Lena returned: if she had left the room with any purpose, that purpose had deserted her.  She looked smaller somehow, and not a little confused.    “It’s there.”  She said simply.  “You can see that?”

“Peter,”  Tom Cartwright reasoned:  “I would say that Sullivan here does have a point, you know.  Mightn’t it be better to keep out of these people’s way for a while?”

“I will dad.   But I’ll do it….”  Peter hesitated, concentrating still upon Lesley’s back; “…..on my own, I guess.   I’ll leave in a while, Mr.
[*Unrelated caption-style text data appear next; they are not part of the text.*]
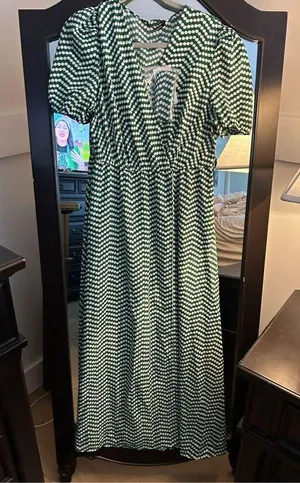 NEW Green Wrap Belted Short Sleeve Ruffle Hem Split Maxi Dress L thumbnail 3
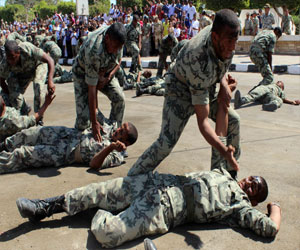   مصر اليوم - عروض عسكرية للصاعقة والطائرات في السويس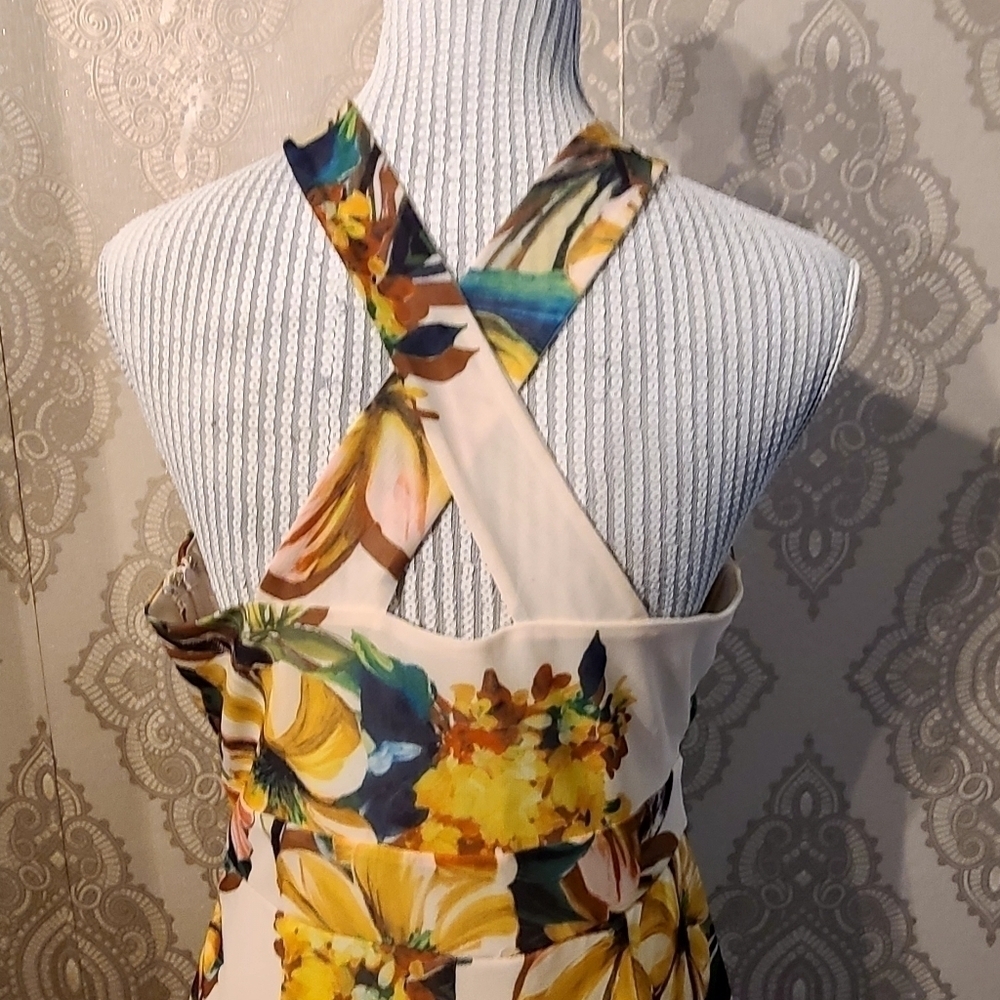 Sexy Crossed Neck Keyhole Front Floral Mermaid Dress - Picture 4 of 10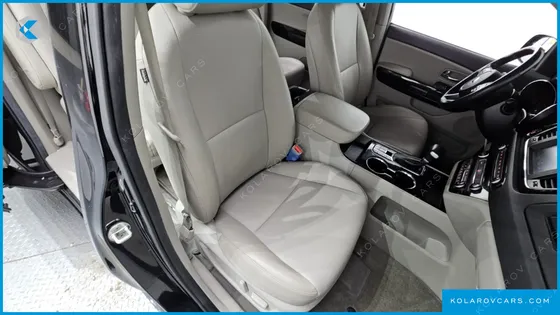 KIA CARNIVAL 9-SEATER PRSTIGE
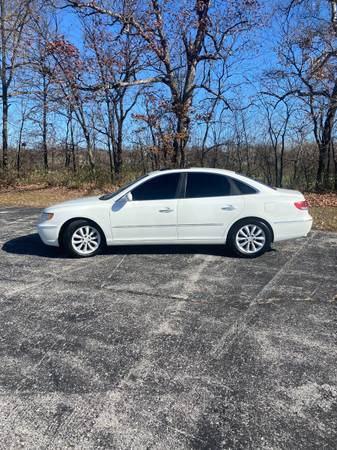 2006 Hyundai Azera - cars & trucks - by owner - vehicle automotive... for sale in St Peters, MO – photo 2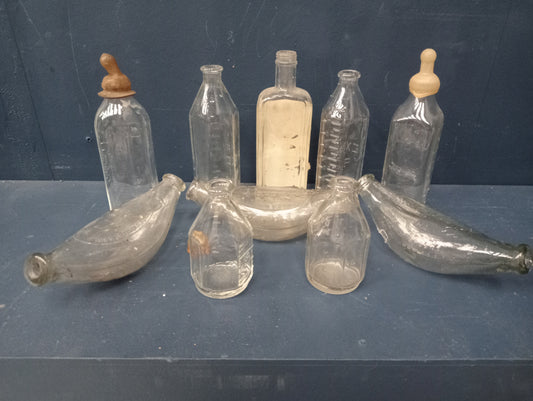 Lot of 10 baby milk bottles a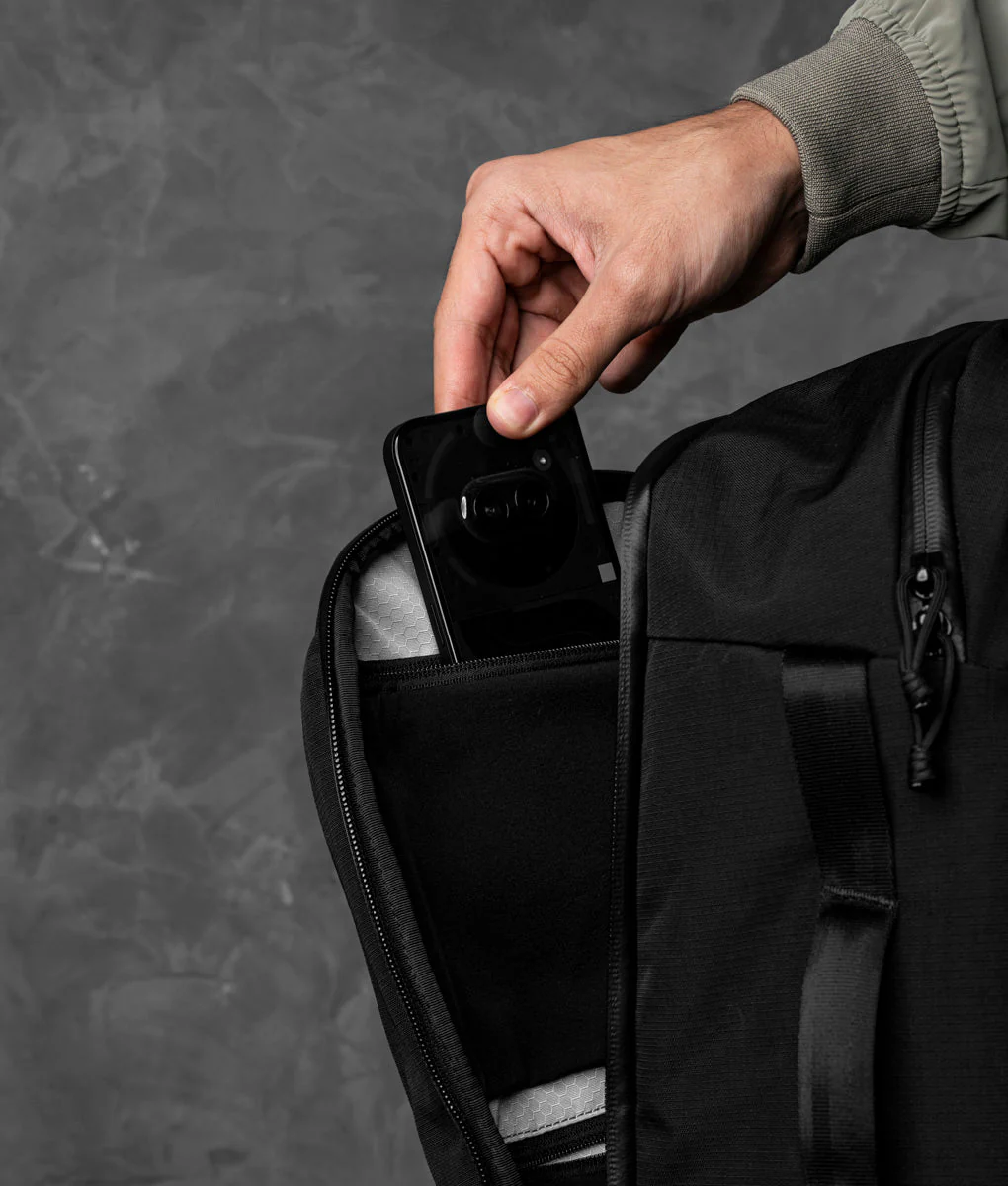 Traverse Backpack 30 L - Image 45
Sullivan, but not with you.    You have to help to find Melanie.”

Howard’s frustration was evident:  “But it’s like throwing you to the lions!”

Everyone was standing now.   Karen said, more in an expression of reverence than anything else: “Total self-belief.   He has it, don’t you think?”   And, making to gather her coat and handbag, she added:  “Peter, I believe in you.   Thank you. Howard darling, can we go?”

“It seems I’m robbed of choice,”   Howard said, defeated.

Each left the room in their turn; Karen and Howard by the back gate, which led out into an alley behind the street.  This was accepted by Howard, knowing it would fool no-one: without Peter, though, he was not a target yet.  He might be followed, if his colleagues had extra man-power to do it, but they had been briefed to abduct Peter, not him.   Sensing Peter’s need to be alone with Lesley, his father spoke softly to his wife and they, also withdrew, although Lena couldn’t resist mentioning she was “Going to clear up in the kitchen.”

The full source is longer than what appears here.